The book is, however, upbeat and, finally, optimistic. Unapologetically drawing on historical tradition and even modern philosophy, Smolin proposes a new set of principles that applies to both quantum mechanics and space-time. He then explores how these principles might be realized as part of a fundamental theory of nature, although he stops short of supplying details of the implementation.

Smolin concludes with the implications of all this for our understanding of space and time. He suggests that time is irreversible and fundamental, in the sense that the processes by which future events are produced from present ones are truly basic: they do not need to be explained in terms of more basic ideas. Space, however, is different. He argues that it emerges from something deeper.

Yet it is far from clear whether Smolin’s new methods allow space and time to be investigated effectively. In recent decades, there have been many exciting advances in this subject, almost all made using standard quantum mechanics and Einstein’s theory of relativity. In my opinion, Smolin downplays the extraordinary success of this conservative approach. It is the basis of modern quantum field theory (a descendant of Maxwell’s theory of electricity and magnetism), which accounts for the results of all subatomic experiments, some of them to umpteen decimal places.

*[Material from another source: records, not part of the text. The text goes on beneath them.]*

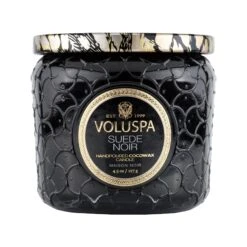 Voluspa Suede Noir - Petite Jar Candle 8 Voluspa Suede Noir - Petite Jar Candle -Voluspa 8243 1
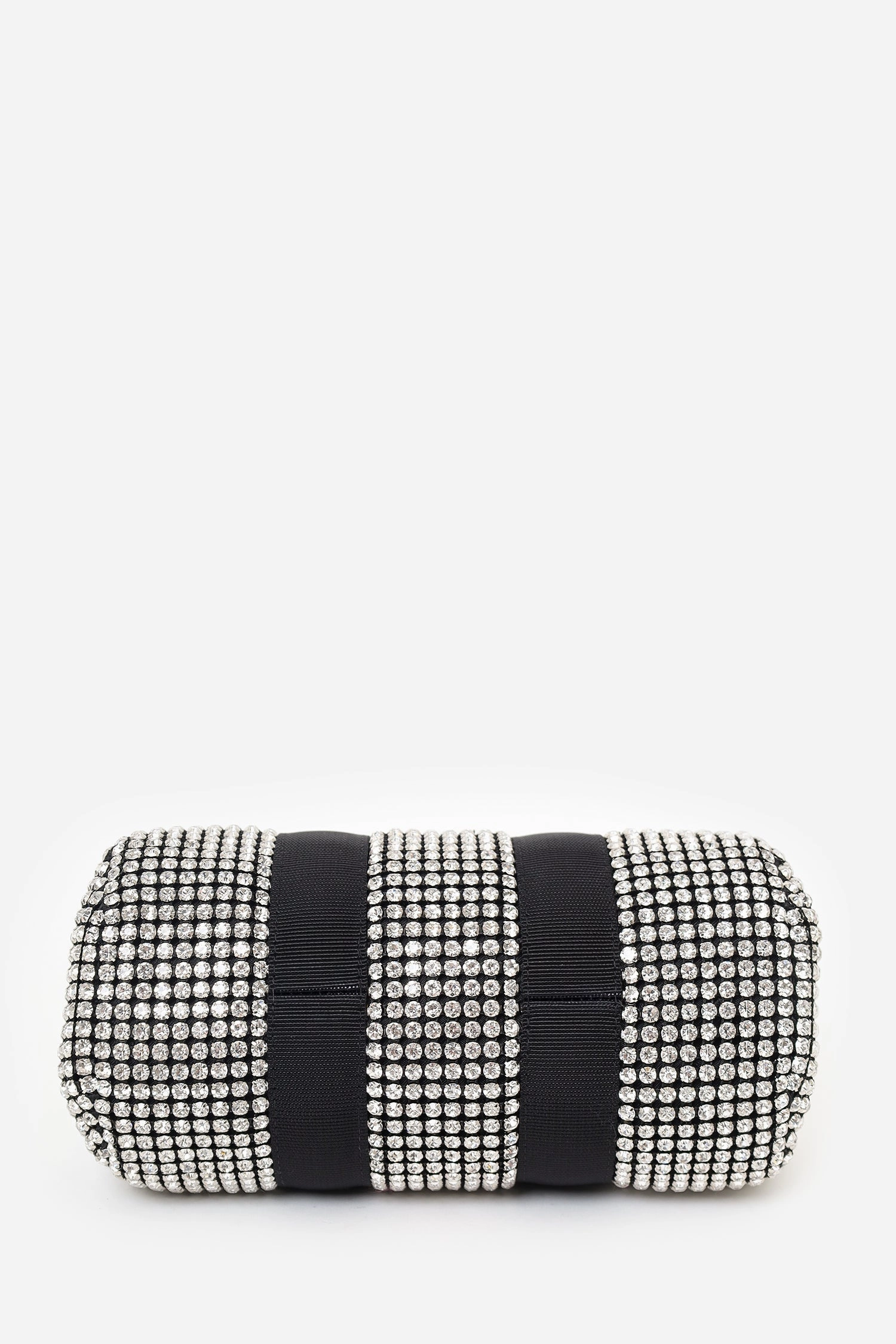 Alexander Wang Black/White Mini Cruiser Crystal Duffle Bag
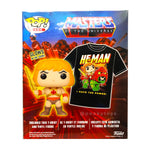 Pop! Tee: Masters of The Universe: He-Man (GITD) SZ XL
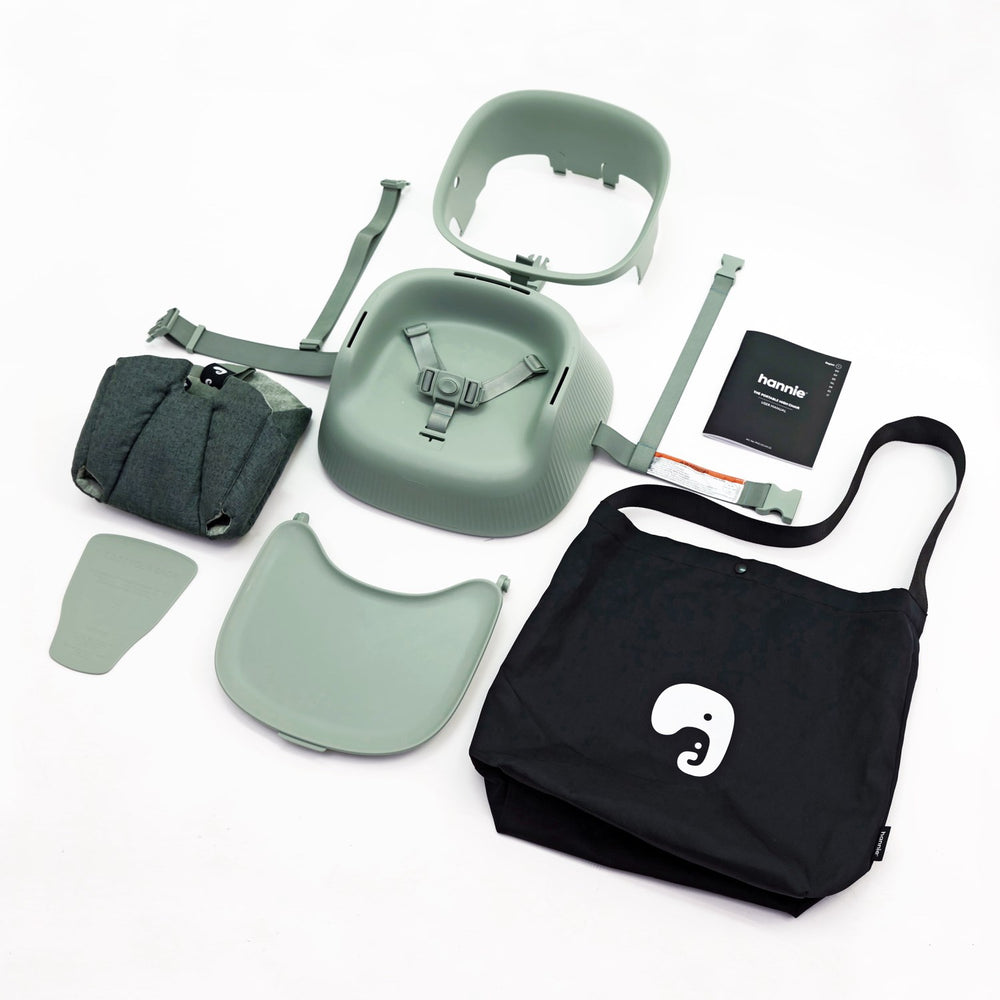 Køb Hannie Sage Green The Portable High Chair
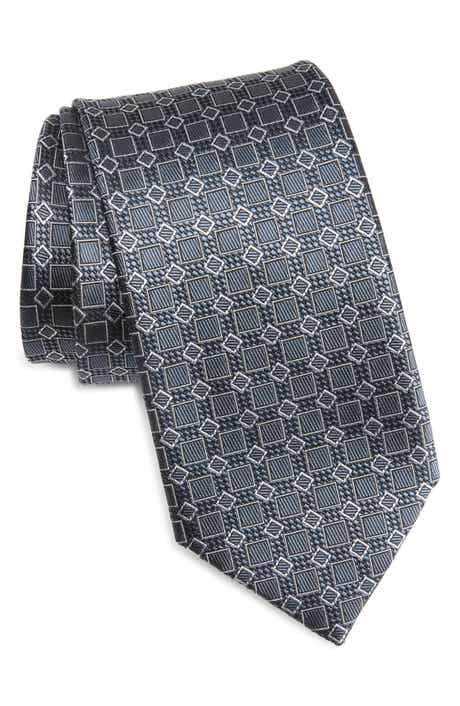 Brioni Geo Jacquard Silk Tie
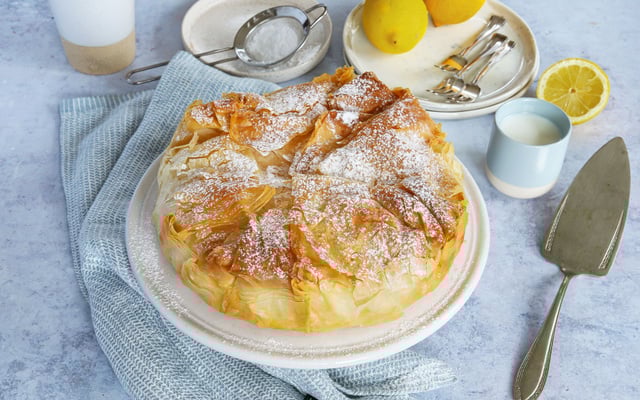 Gâteau de pâte filo à la ricotta et au citron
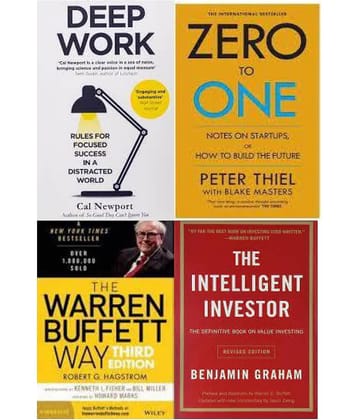 Deep Wook + Zero to one + The warren buffett way + The Intelligent Investor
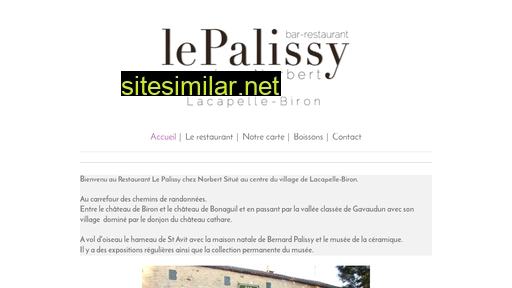 lepalissycheznorbert.fr alternative sites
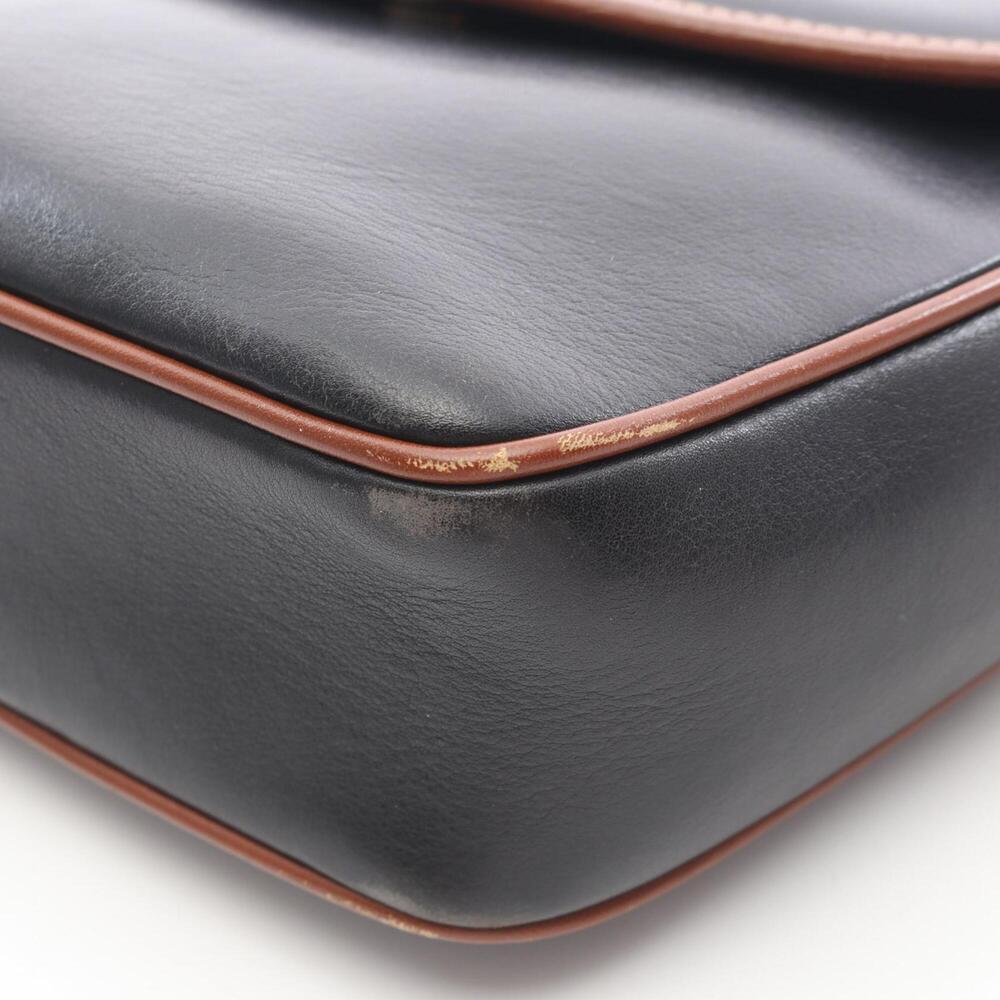 Celine CELINE Shoulder Bag Handbag Leather Women's Black/Brown - Picture 7 of 15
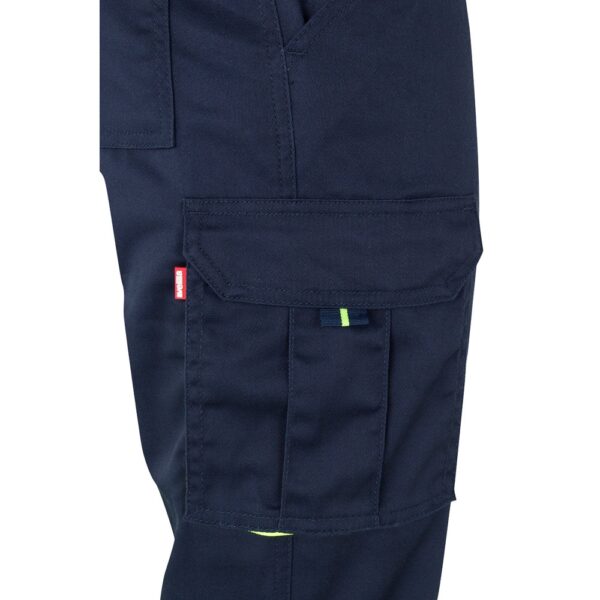 VL ZEUS LARGE. Two-tone, multi-pocket stretch trousers (240g/m²), in cotton (46%), EME (38%) and polyester (16%)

Despite the impression that Smolin gives, modern theoretical physics is thriving, with potentially revolutionary ideas about space and time emerging from a combination of the standard quantum mechanics and relativity theory taught in universities for generations. Maybe the upheaval in physics that Smolin yearns for is simply unnecessary.

Rewarding as it is, I doubt Einstein’s Unfinished Revolution will convert many of Smolin’s critics. To do that, he will need to present his ideas more rigorously than he could reasonably do in a popular book.

One thing on which every physicist in Smolin’s field can agree is that there is a crying need for more juicy clues from nature. There have been no surprises concerning the inner workings of atoms for some 20 years. It is experimental results that will decide whether Smolin is correct, or whether he protests too much. After all, although quantum mechanics might not satisfy the philosophically minded, it has proved to be a completely dependable tool for physicists — even those who have no interest in debates about its interpretation.